The problem is that certain column sums (temp.results[,1]) are sampled very infrequently. In order to sample those sufficiently requires many many iterations, and the resulting .csv files would stretch into the hundreds of gigabytes.
What I want to do is create and then update a table (details.table) at each iteration that keeps track of how many times each column sum actually got sampled. When a given element in the table reaches the desired.iterations, I want it to be excluded from the vector rich.seq, so that only columns that haven't received the desired.iterations are actually saved to the csv file. The max.iterations argument will be used in a break() statement in case things are taking too long.
So, what I was expecting in the example case is the exact same line for rich.seq for both iterations, since I didn't actually do anything to change it. I believe that flodel is definitely right that my problem lies in comparing a matrix (details.table) of length longer than rich.seq, leading to unexpected results. However, I don't want the dimensions of details.table to change. Perhaps I can solve the problem implementing %in% somehow when I redefine rich.seq in the for loop?
I agree you should improve your question. However, I think I can spot what is going wrong.
You compute details.table before the for loop. It is a matrix with same length as rich.seq when it was first initialized (length(4:34), i.e. 31).
Inside the for loop, details.table < desired.iterations | is.na(details.table) is then a logical vector of length 31. On the first loop iteration,
rich.seq <- rich.seq[details.table < desired.iterations | is.na(details.table)]
will result in reducing the length of rich.seq. But on the second loop iteration, unless details.table is redefined (not the case), you are trying to subset rich.seq by a logical vector of longer length than rich.seq. This will certainly lead to unexpected results.
You probably meant to redefine details.table as part of your for loop.
(Also I am surprised to see you never used temp.results[,2].)
Thanks to flodel for setting me off on the right track. It had nothing to do with is.na but rather the lengths of vectors I was comparing.
That said, I set the initial values of the details.table to zero to avoid the added complexity of the is.na statement.
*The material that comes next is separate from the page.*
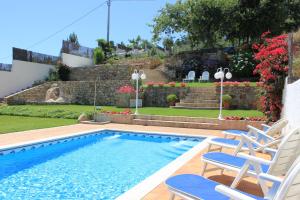 a swimming pool with two chairs and a yard at Apartamentos Maritimo Suites-Solo Adultos in O Grove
This code works, and can be modified to do what I described above.
library(plyr)
test <- function(desired.iterations, max.iterations)
{
rich.seq <- 4:34 ##make a sequence of numbers
details.table <- matrix(nrow=length(rich.seq), ncol=1, dimnames=list(rich.seq)) ##generate a table where the row names are those numbers
details.table[,1] <- 0
print(details.table) ##that's what it looks like
temp.results <- matrix(nrow=10, ncol=2, dimnames=list(1:10)) ##generate some sample data to summarize and fill into details.table
temp.results[,1] <- rep(5:6, 5)
temp.results[,2] <- rnorm(10)
print(temp.results) ##that's what it looks like
details.table[,1][row.names(details.table) %in% count(temp.results[,1])$x] <- count(temp.results[,1])$freq ##summarize, subset to the appropriate rows in details.table, and fill in the summary
print(details.table)
for (i in 1:max.iterations)
{
rich.seq <- row.names(details.table)[details.table[,1] < desired.iterations]
print(rich.seq)
}
}
Rather than trying to cut down the rich.seq I just redefine it every iteration based on whatever happens with details.table during the previous iteration.